**TASK:**
With the pictures left out, copy the records below exactly from the first line down to the line holding "Load image into", and include that line.

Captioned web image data

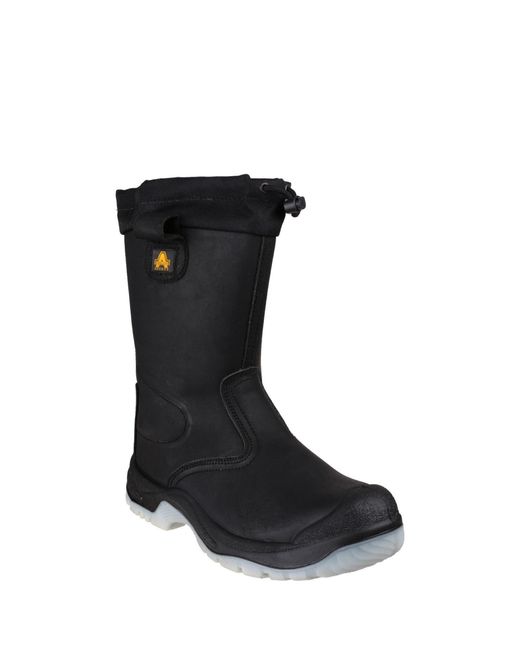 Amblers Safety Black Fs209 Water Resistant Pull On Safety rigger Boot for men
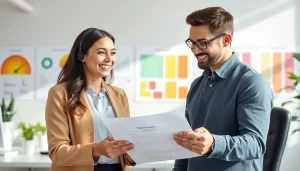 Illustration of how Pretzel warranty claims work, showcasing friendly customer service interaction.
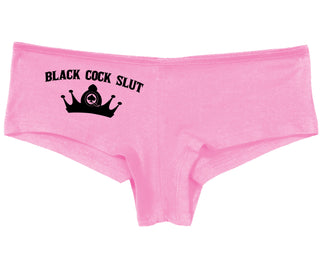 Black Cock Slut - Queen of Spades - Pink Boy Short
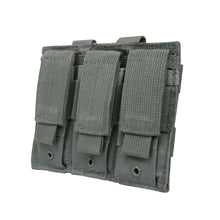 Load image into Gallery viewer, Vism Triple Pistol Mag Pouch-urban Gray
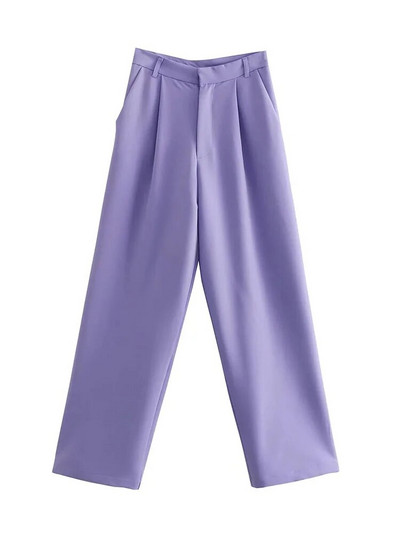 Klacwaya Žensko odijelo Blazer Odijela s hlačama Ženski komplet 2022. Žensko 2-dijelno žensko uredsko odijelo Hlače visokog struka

**REPLY:**
 Amblers Safety Black Fs209 Water Resistant Pull On Safety rigger Boot for men
 Illustration of how Pretzel warranty claims work, showcasing friendly customer service interaction.
 Black Cock Slut - Queen of Spades - Pink Boy Short
 Load image into Gallery viewer, Vism Triple Pistol Mag Pouch-urban Gray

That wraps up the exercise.